Shooting the Rapids

2017 | Bronze edition: 35 | Width of base: 29″ | Height: 27″

The fur trade was the economic imperative, the life’s blood of New France. In the early 17TH c. the Huron were the primary trading partners of the French supplying about 10,000 beaver pelts annually. The majority of the pelts, (as well as those of moose, lynx, fox, otter, martin, badger and muskrat), were collected by the Huron from Algonkian tribes along the Ottawa River but especially from the North where furs exceeding both in quality and quantity could be obtained. The medium of exchange for the furs was primarily corn which the Huron grew in abundance as a commercial crop.

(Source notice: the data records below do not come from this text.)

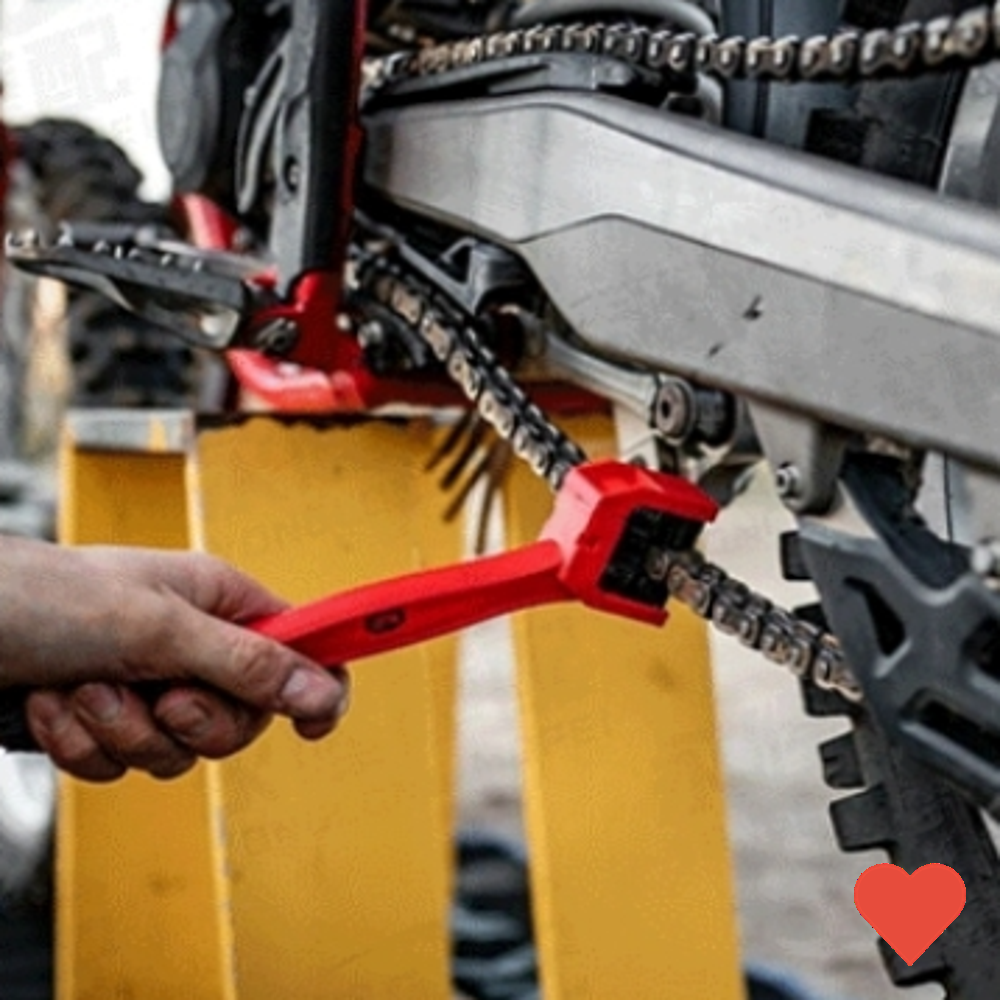 자전거용품 브러쉬 바이크 세척솔 청소 체인 3,750원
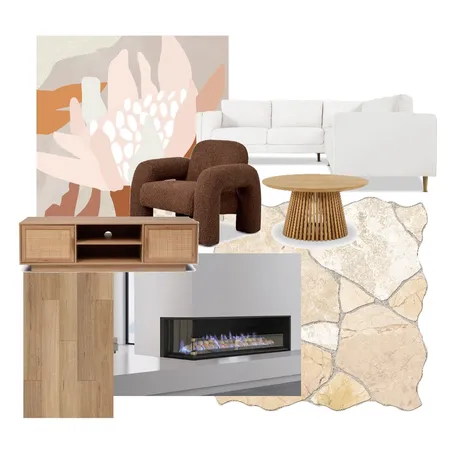 boho loundroom Interior Design Mood Board by jchapman on Style Sourcebook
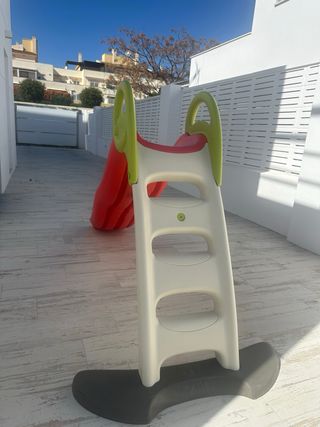 Tobogán infantil Smoby Funny II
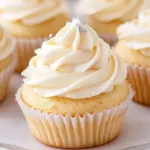 Vanilla Cupcakes Vanilla Cupcakes
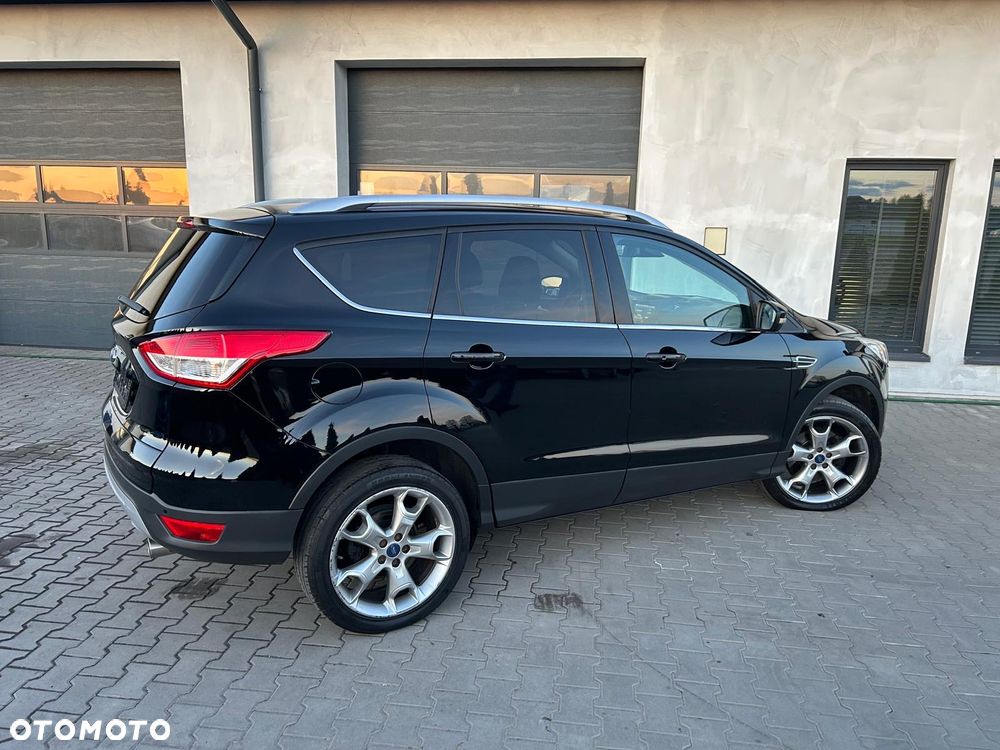 Ford Kuga 2.0 TDCi 4x4 Titanium - 7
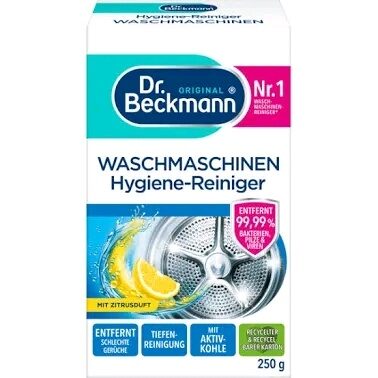ČISTAČ ZA PERILICE DR BECKMANN 250 g
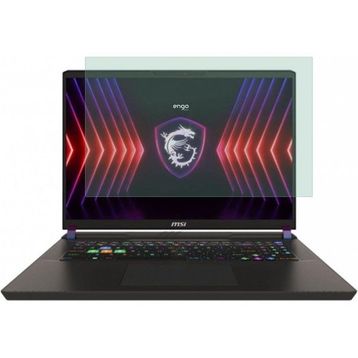 Engo MSI Vector 17 HX A14VIG 17 inç Nano Şeffaf Ekran Koruyucu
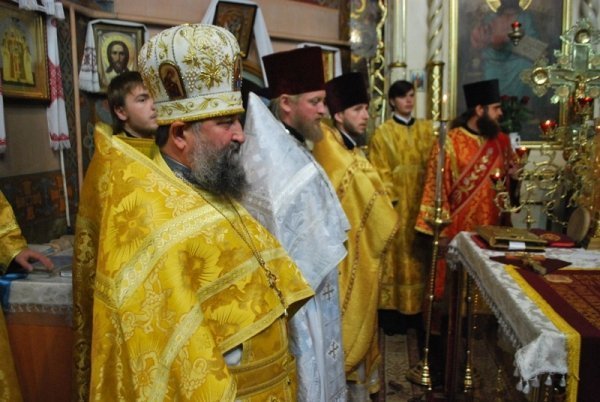 Випускний у Волинській духовній семінарії. ФОТО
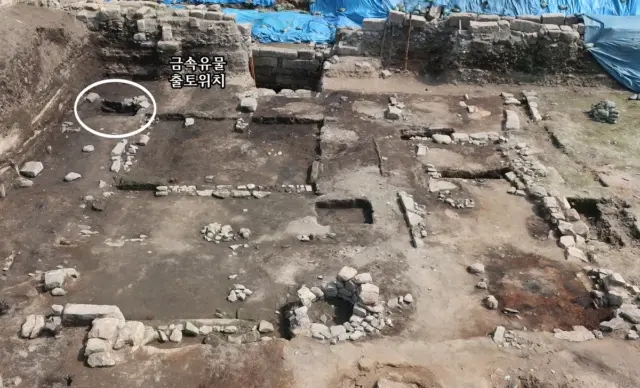 눈앞에 ㄱㄴㄷ 와르르… 종로 땅 팠다가 무슨 일이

The symbiotic trade relationship between the agricultural Huron and the hunting people of the North was established long before European contact. The Huron incorporated the French and their exotic trade goods into that existing trade network. European contact in the early 17THc. between the Huron and the French (and similarly between the Iroquois and the Dutch) and the introduction of European trade goods stimulated a higher level of artistic expression among native people in: bone and wood carving, metal working, pipe and wampum manufacture and the working of textile fabrics. The result was a florescence of an already dynamic artistic tradition and in greater wealth generally.

A trip from the Huron Country to Quebec took about a month with up to 100 stretches of rough water necessitating laborious portages. The Huron approached the French trading stations by way of the Riviere des Praires to the north of Montreal island or through the Lachine rapids to the south. “Lachine” in French means “China”. These rapids derive their name, somewhat derisively, from the fact that this was the route believed by Jacques Cartier to be the Northwest Passage to the Orient. On his second voyage to the New World in 1535 Cartier penetrated the St. Lawrence as far as these rapids. Unable to get past them he mistakenly believed China lay Just beyond. Shooting the Lachine rapids required of the Huron canoe men great skill and daring, both of which qualities they possessed.

The Huron attributed much of the technological skill of the French to magic. Thus, the ability of the French would have seemed connected less to technological superiority than to luck in acquiring magical arts. The possession by the French of a particular kind of magic was no indication of their intrinsic cultural superiority. To the contrary, there is much evidence that the Huron looked upon the French as inferior, reflecting the high opinion the Huron had of themselves. They regarded the difficulties the French had in learning to speak Huron as evidence of their stupidity and thus explained all the difficulties the French had in acquiring skills the Huron held to be commonplace. The Huron also ridiculed beards as unnatural and disfiguring and feigned amazement that women would look favorably on a man who had one. They claimed beards were the cause of intellectual difficulties of the French. The Huron fancied themselves superior to the French, not only because they were taller and more robust physically but because they had no facial hair and therefore were more intelligent.